The great fictional detective Sherlock Holmes was a frequent user of cocaine, and his companion Dr. Watson disclosed that the great man preferred a 7% solution, to ease his mind and let him relax to ponder various complex cases. Perhaps slightly obliquely, the phrase “7% solution” immediately made me think of long term investment strategies. A compounded return of some 7% annually (well 7.2%) will see a sum double every ten years, and somewhat strikingly in a period of 100 years, the capital will have grown by over a thousand fold. Quite a “solution”!
This idea of the enormous power of compounding was nicely illustrated by the great Islamic scholar Ibn Kallikan in 1256 (though its origins are almost certainly far older), when he considered the simple task of putting grains of wheat on a chessboard. The puzzle asks you to put one grain of wheat on the first square and double the amount on each subsequent square thereafter…so two grains on square two, four grains on square four etc…until all sixty four squares of the board are covered.

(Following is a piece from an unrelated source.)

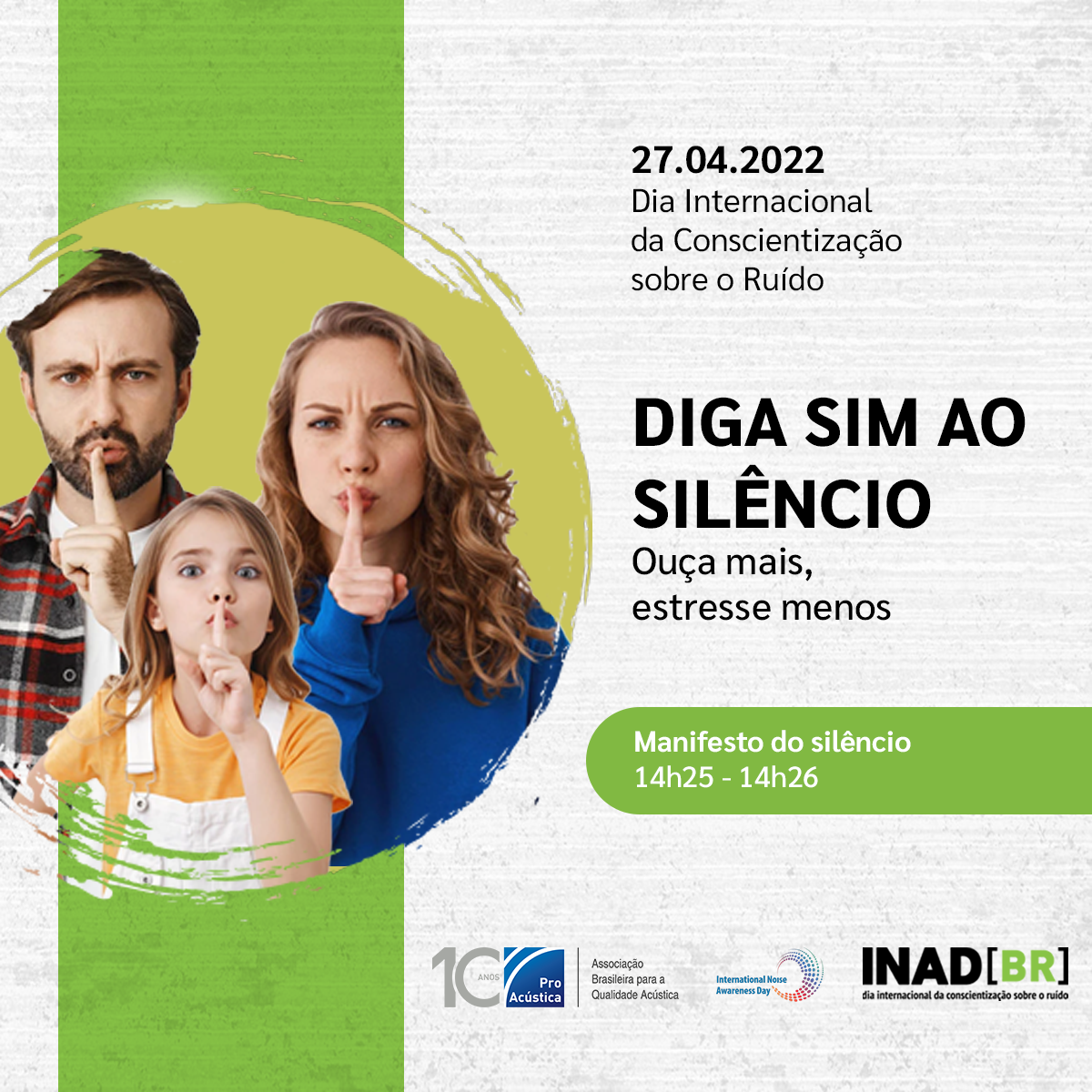 INAD 27/04: Diga sim ao Silêncio – Dia Internacional da Conscientização sobre o Ruído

So how many grains of wheat will be on the board overall?
Perhaps somewhat astonishingly, on the entire chessboard there would be no less than 18,446,744,073,709,551,615 grains of wheat, weighing about 1,199,000,000,000 metric tons. This is about 1,538 times the global production of wheat (780.8 million tonnes in 2019).
So, doubling is a hugely powerful force, but away from wheat on chessboards, how realistic is this in long-term investment? Interestingly 7% average returns are not that impossible, over many different time horizons global equity markets have delivered those sort of total returns. Detailed information across various asset classes can be found in the Annual Credit Suisse Global Investment Returns Yearbook (see reference below) and for example US equities in real terms (i.e., after inflation) between 1900 and 2019 returned on average 6.5% p.a., and in the last ten years global equites generated 7.6% p.a. (Though it should be noted returns across a wider portfolio of all stock markets for the last 120 years produces a lesser return of 5.2% p.a.) So our desired 7.2% cannot be guaranteed but investment returns can still be a powerful creator of wealth.
Now on to the snowball – this is a simple way to think of the effect of re-investing any investment income – in time it starts to act like a snowball. This analogy was used in a well-known book on the celebrated investor Warren Buffet, The Snowball: Warren Buffett and the Business of Life by Alice Schroeder.
All of these examples point to two simple investment precepts, invest early (or at least regularly throughout your savings life) and always re-invest any income. In forty years at 6.5% p.a. a £1,000 racks up nicely to around £12,500.
Whilst we may not quite get to Holmes’s 7% solution, we will get wealthier and stay somewhat healthier than the great detective.